--- Recorded data ---

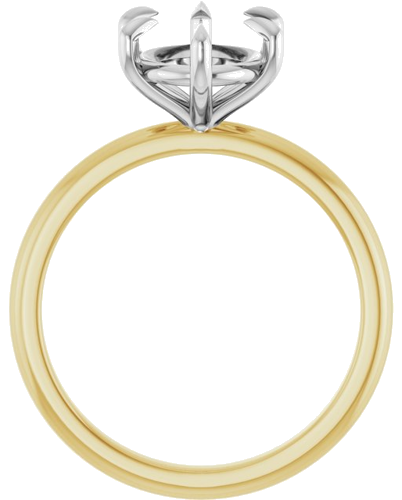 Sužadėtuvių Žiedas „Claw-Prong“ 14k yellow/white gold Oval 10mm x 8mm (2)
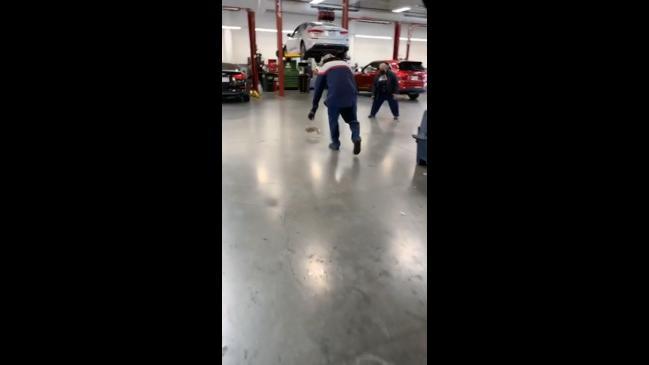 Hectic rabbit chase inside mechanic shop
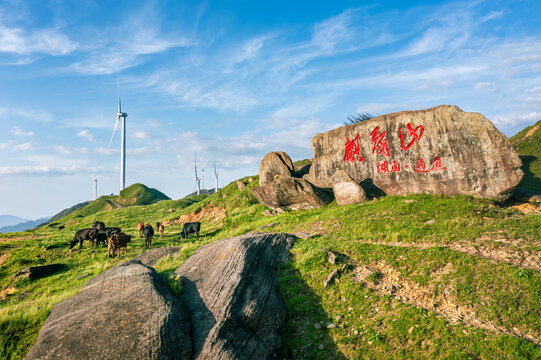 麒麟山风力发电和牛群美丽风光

---

§ What you will do: Copy the data above word for word. Pictures stay out.

§ Solution for this problem:
 Sužadėtuvių Žiedas „Claw-Prong“ 14k yellow/white gold Oval 10mm x 8mm (2)
 Hectic rabbit chase inside mechanic shop
 麒麟山风力发电和牛群美丽风光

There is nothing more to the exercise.